_What the task requires_
For this exercise, reproduce the entries below exactly, but only from the line containing "Surprise Black Pink" through the line containing "Fashion Men's Winter", both included.

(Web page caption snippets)
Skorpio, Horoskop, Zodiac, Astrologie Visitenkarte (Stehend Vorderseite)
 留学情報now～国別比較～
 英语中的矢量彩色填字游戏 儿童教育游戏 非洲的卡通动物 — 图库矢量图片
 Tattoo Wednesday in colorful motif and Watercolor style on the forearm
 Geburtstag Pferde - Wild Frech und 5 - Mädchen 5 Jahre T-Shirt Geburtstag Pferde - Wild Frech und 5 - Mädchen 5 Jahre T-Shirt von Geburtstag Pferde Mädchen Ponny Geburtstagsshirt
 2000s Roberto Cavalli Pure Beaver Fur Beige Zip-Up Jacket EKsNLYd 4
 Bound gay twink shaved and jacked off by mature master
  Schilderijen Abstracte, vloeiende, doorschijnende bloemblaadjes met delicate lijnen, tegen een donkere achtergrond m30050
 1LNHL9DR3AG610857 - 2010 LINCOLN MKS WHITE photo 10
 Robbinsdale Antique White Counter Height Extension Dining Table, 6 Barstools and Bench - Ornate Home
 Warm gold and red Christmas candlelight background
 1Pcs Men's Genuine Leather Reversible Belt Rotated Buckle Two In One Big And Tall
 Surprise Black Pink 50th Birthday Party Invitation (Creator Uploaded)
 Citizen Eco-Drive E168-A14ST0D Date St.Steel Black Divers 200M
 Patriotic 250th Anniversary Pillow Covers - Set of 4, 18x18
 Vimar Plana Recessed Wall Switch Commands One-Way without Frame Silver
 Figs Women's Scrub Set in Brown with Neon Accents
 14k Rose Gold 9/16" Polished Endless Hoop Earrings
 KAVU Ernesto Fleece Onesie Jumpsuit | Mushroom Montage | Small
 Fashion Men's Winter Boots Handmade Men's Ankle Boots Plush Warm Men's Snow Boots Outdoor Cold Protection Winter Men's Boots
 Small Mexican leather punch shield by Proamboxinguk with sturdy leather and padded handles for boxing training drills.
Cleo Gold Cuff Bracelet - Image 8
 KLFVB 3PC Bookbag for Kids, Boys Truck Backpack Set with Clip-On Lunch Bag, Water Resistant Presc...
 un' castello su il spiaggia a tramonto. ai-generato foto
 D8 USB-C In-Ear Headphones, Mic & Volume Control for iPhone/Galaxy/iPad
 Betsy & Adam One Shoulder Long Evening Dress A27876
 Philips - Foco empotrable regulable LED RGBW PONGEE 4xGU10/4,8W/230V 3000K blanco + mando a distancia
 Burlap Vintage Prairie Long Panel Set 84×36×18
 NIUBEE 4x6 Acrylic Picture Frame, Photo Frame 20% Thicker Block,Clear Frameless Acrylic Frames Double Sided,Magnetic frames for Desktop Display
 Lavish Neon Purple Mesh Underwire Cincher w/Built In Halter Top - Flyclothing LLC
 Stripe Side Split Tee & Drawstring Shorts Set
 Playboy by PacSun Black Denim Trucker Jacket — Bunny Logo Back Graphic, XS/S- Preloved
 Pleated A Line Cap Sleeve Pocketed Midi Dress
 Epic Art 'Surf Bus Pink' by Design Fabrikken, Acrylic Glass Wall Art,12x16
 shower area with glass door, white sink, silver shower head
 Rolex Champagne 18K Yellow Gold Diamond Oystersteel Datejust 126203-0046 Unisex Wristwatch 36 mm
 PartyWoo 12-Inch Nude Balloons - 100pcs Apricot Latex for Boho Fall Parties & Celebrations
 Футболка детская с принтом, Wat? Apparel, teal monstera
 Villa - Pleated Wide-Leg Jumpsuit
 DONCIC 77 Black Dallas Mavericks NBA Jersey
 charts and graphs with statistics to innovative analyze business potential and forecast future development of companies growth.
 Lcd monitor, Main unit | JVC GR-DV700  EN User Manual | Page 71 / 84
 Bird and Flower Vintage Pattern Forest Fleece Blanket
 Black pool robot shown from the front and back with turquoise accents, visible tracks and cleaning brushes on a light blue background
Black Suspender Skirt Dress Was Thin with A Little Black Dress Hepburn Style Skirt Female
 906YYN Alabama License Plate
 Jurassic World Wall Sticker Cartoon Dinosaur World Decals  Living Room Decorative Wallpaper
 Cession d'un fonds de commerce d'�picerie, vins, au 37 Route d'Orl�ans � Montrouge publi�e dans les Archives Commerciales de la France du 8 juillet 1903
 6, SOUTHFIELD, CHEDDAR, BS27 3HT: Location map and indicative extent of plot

_Exercise response_
 Surprise Black Pink 50th Birthday Party Invitation (Creator Uploaded)
 Citizen Eco-Drive E168-A14ST0D Date St.Steel Black Divers 200M
 Patriotic 250th Anniversary Pillow Covers - Set of 4, 18x18
 Vimar Plana Recessed Wall Switch Commands One-Way without Frame Silver
 Figs Women's Scrub Set in Brown with Neon Accents
 14k Rose Gold 9/16" Polished Endless Hoop Earrings
 KAVU Ernesto Fleece Onesie Jumpsuit | Mushroom Montage | Small
 Fashion Men's Winter Boots Handmade Men's Ankle Boots Plush Warm Men's Snow Boots Outdoor Cold Protection Winter Men's Boots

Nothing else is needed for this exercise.